UN Makes Urgent Appeal for South Sudan Food Aid
The United Nations launched an urgent appeal on Tuesday calling for emergency assistance for the millions of Southern Sudanese who are facing staggering levels of food insecurity.
The World Food Program estimates that around 4.7 million people in South Sudan are in need of food assistance with an estimated 1 million people set to suffer from food insecurity in 2012, and another 3.7 million people likely to face significant vulnerabilities to food insecurity.
"There are food shortages, there is conflict related displacements, there is agricultural disruption, the economy is deteriorating and the borders have been closed. You add up all that and that is why we have the kind of situation that we are in," UN Humanitarian Coordinator for South Sudan, Lisa Grande, told reporters on Tuesday regarding the situation in South Sudan.

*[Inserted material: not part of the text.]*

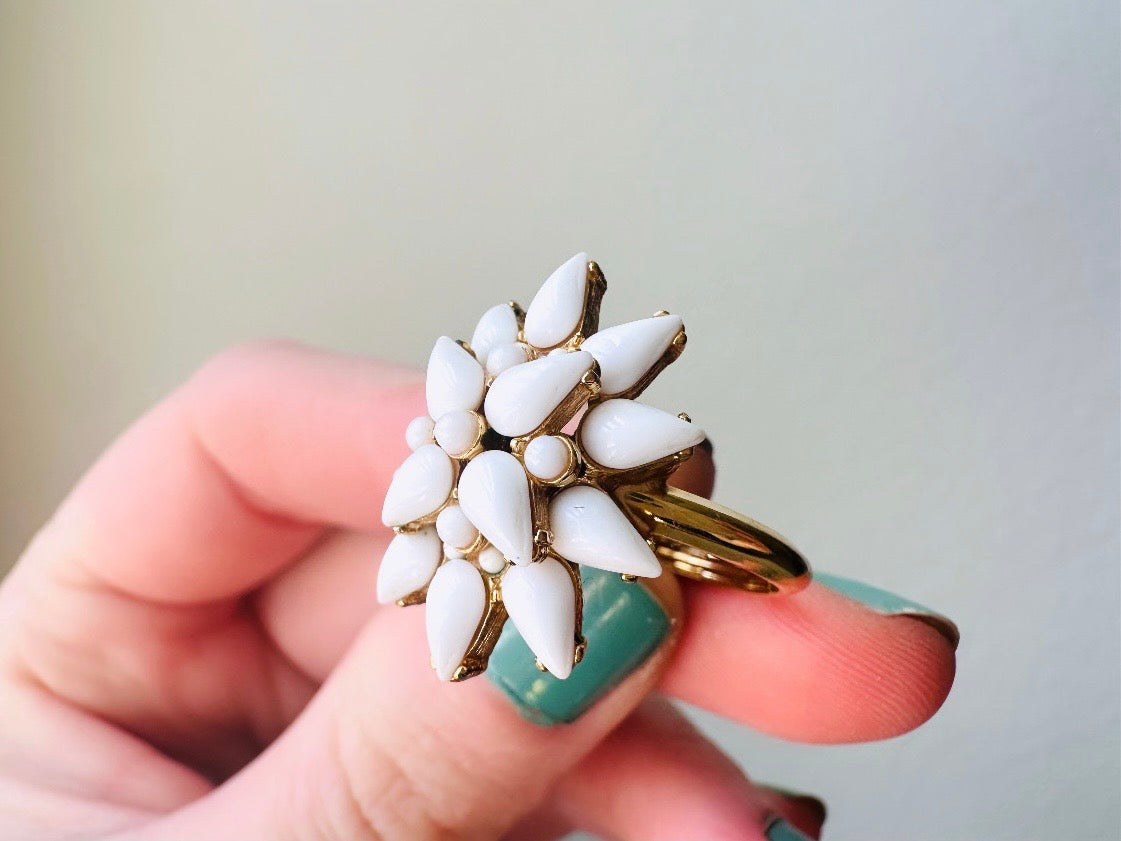 Vintage Trifari Ring, White Milk Glass Ring, Cluster Firework Vintage Statement Ring, Signed Designer  close up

Thus far, the United Nations has received only a third of the $800 million it pleaded for in December 2011 to go toward providing humanitarian assistance to the country. On Tuesday, the international body pleaded with the international community to give an additional $505 million to fund the ongoing humanitarian operations in the country.
The emergency assistance plea came one day after an estimated 12,000 to 15,000 South Sudanese began to leave Khartoum for Juba after Sudanese President Omar al-Bashir referred to southerners in the north as a security threat and demanded that they leave the country. U.N. and International Organization for Migration officials have organized a barrage of flights over the next two weeks to Juba, but hundreds of thousands of South Sudanese remain in the north and face an uncertain future.
South Sudan became an independent country following a 2005 peace accord brokered by then U.S. President George W. Bush, which ended decades of civil strife between Sudan and South Sudan. Under the deal, a referendum was held in January 2011 where over 90 percent of Southern Sudanese voters voted to break up the largest country in Africa and establish the Republic of South Sudan.
But in its near-year of independence, many fear that the country is on the brink of calamity with the ensuing food crisis, severe underdevelopment, multiple outbreaks of inter-ethnic strife, displacement, and a daily influx of refugees pouring in from the north.
Furthermore, in recent weeks clashes between Sudan and South Sudan along the disputed border over oil fields, citizenship rights, and financial arrangements are pointing to the high probability of another all-out war between the two countries.
"The scope of the humanitarian operation in South Sudan is enormous. We must meet our commitments to the people of South Sudan as we approach the first anniversary of independence," Grade told reporters on Tuesday.